#### Exercise:
Would you output the whole listing below, exactly as it reads?

#### Raw data:

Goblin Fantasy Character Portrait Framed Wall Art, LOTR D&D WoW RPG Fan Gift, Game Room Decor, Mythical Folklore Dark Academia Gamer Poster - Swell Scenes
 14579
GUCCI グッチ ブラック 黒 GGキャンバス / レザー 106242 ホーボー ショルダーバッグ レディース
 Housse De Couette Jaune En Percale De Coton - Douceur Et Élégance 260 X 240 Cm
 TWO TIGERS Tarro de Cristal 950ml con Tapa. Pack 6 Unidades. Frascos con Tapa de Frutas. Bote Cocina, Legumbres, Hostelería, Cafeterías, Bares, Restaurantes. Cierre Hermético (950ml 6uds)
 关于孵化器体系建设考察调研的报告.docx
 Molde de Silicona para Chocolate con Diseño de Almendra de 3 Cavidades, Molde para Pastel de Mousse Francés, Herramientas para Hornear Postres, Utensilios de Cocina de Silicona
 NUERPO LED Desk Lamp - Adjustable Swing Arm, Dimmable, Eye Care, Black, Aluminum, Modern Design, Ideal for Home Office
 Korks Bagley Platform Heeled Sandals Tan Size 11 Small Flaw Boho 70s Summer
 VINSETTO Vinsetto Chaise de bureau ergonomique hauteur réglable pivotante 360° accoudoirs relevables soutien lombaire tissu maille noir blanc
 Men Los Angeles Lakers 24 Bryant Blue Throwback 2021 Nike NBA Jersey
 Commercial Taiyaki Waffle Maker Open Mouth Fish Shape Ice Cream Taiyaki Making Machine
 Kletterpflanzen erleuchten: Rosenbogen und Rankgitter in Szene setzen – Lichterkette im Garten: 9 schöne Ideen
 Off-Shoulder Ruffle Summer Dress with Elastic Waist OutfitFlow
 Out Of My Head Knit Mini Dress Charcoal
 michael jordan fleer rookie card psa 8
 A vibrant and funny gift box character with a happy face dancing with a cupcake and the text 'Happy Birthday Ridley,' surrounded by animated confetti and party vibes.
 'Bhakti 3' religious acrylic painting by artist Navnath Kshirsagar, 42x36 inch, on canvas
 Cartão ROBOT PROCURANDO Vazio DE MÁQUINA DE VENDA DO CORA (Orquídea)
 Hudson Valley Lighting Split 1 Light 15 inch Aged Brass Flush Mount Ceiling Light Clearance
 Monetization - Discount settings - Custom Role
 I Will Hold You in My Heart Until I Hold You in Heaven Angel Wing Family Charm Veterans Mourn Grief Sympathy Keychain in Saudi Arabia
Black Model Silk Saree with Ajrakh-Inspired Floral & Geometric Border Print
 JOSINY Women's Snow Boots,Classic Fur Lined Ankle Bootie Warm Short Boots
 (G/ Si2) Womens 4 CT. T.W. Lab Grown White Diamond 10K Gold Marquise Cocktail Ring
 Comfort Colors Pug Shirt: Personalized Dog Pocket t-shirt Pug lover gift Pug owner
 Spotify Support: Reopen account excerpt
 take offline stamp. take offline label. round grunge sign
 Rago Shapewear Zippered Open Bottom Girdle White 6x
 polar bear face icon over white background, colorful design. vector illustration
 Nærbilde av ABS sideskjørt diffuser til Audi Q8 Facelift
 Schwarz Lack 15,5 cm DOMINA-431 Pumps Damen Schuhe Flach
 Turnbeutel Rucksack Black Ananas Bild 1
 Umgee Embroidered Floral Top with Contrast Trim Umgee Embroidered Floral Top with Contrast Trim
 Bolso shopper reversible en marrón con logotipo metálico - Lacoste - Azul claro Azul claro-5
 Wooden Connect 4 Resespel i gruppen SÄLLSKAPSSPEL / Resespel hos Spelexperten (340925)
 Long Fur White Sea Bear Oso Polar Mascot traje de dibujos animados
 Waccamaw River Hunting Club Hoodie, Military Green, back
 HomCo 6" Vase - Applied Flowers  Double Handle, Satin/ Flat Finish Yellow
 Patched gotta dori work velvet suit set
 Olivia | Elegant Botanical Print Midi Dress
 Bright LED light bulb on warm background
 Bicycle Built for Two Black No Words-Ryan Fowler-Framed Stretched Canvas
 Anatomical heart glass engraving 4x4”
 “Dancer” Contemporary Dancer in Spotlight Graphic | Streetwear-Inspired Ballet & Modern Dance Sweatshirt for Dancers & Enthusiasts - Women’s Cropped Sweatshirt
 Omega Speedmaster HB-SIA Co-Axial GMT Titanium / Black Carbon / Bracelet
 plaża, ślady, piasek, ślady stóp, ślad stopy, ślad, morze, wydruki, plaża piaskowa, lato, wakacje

#### Exercise result:
Goblin Fantasy Character Portrait Framed Wall Art, LOTR D&D WoW RPG Fan Gift, Game Room Decor, Mythical Folklore Dark Academia Gamer Poster - Swell Scenes
 14579
GUCCI グッチ ブラック 黒 GGキャンバス / レザー 106242 ホーボー ショルダーバッグ レディース
 Housse De Couette Jaune En Percale De Coton - Douceur Et Élégance 260 X 240 Cm
 TWO TIGERS Tarro de Cristal 950ml con Tapa. Pack 6 Unidades. Frascos con Tapa de Frutas. Bote Cocina, Legumbres, Hostelería, Cafeterías, Bares, Restaurantes. Cierre Hermético (950ml 6uds)
 关于孵化器体系建设考察调研的报告.docx
 Molde de Silicona para Chocolate con Diseño de Almendra de 3 Cavidades, Molde para Pastel de Mousse Francés, Herramientas para Hornear Postres, Utensilios de Cocina de Silicona
 NUERPO LED Desk Lamp - Adjustable Swing Arm, Dimmable, Eye Care, Black, Aluminum, Modern Design, Ideal for Home Office
 Korks Bagley Platform Heeled Sandals Tan Size 11 Small Flaw Boho 70s Summer
 VINSETTO Vinsetto Chaise de bureau ergonomique hauteur réglable pivotante 360° accoudoirs relevables soutien lombaire tissu maille noir blanc
 Men Los Angeles Lakers 24 Bryant Blue Throwback 2021 Nike NBA Jersey
 Commercial Taiyaki Waffle Maker Open Mouth Fish Shape Ice Cream Taiyaki Making Machine
 Kletterpflanzen erleuchten: Rosenbogen und Rankgitter in Szene setzen – Lichterkette im Garten: 9 schöne Ideen
 Off-Shoulder Ruffle Summer Dress with Elastic Waist OutfitFlow
 Out Of My Head Knit Mini Dress Charcoal
 michael jordan fleer rookie card psa 8
 A vibrant and funny gift box character with a happy face dancing with a cupcake and the text 'Happy Birthday Ridley,' surrounded by animated confetti and party vibes.
 'Bhakti 3' religious acrylic painting by artist Navnath Kshirsagar, 42x36 inch, on canvas
 Cartão ROBOT PROCURANDO Vazio DE MÁQUINA DE VENDA DO CORA (Orquídea)
 Hudson Valley Lighting Split 1 Light 15 inch Aged Brass Flush Mount Ceiling Light Clearance
 Monetization - Discount settings - Custom Role
 I Will Hold You in My Heart Until I Hold You in Heaven Angel Wing Family Charm Veterans Mourn Grief Sympathy Keychain in Saudi Arabia
Black Model Silk Saree with Ajrakh-Inspired Floral & Geometric Border Print
 JOSINY Women's Snow Boots,Classic Fur Lined Ankle Bootie Warm Short Boots
 (G/ Si2) Womens 4 CT. T.W. Lab Grown White Diamond 10K Gold Marquise Cocktail Ring
 Comfort Colors Pug Shirt: Personalized Dog Pocket t-shirt Pug lover gift Pug owner
 Spotify Support: Reopen account excerpt
 take offline stamp. take offline label. round grunge sign
 Rago Shapewear Zippered Open Bottom Girdle White 6x
 polar bear face icon over white background, colorful design. vector illustration
 Nærbilde av ABS sideskjørt diffuser til Audi Q8 Facelift
 Schwarz Lack 15,5 cm DOMINA-431 Pumps Damen Schuhe Flach
 Turnbeutel Rucksack Black Ananas Bild 1
 Umgee Embroidered Floral Top with Contrast Trim Umgee Embroidered Floral Top with Contrast Trim
 Bolso shopper reversible en marrón con logotipo metálico - Lacoste - Azul claro Azul claro-5
 Wooden Connect 4 Resespel i gruppen SÄLLSKAPSSPEL / Resespel hos Spelexperten (340925)
 Long Fur White Sea Bear Oso Polar Mascot traje de dibujos animados
 Waccamaw River Hunting Club Hoodie, Military Green, back
 HomCo 6" Vase - Applied Flowers  Double Handle, Satin/ Flat Finish Yellow
 Patched gotta dori work velvet suit set
 Olivia | Elegant Botanical Print Midi Dress
 Bright LED light bulb on warm background
 Bicycle Built for Two Black No Words-Ryan Fowler-Framed Stretched Canvas
 Anatomical heart glass engraving 4x4”
 “Dancer” Contemporary Dancer in Spotlight Graphic | Streetwear-Inspired Ballet & Modern Dance Sweatshirt for Dancers & Enthusiasts - Women’s Cropped Sweatshirt
 Omega Speedmaster HB-SIA Co-Axial GMT Titanium / Black Carbon / Bracelet
 plaża, ślady, piasek, ślady stóp, ślad stopy, ślad, morze, wydruki, plaża piaskowa, lato, wakacje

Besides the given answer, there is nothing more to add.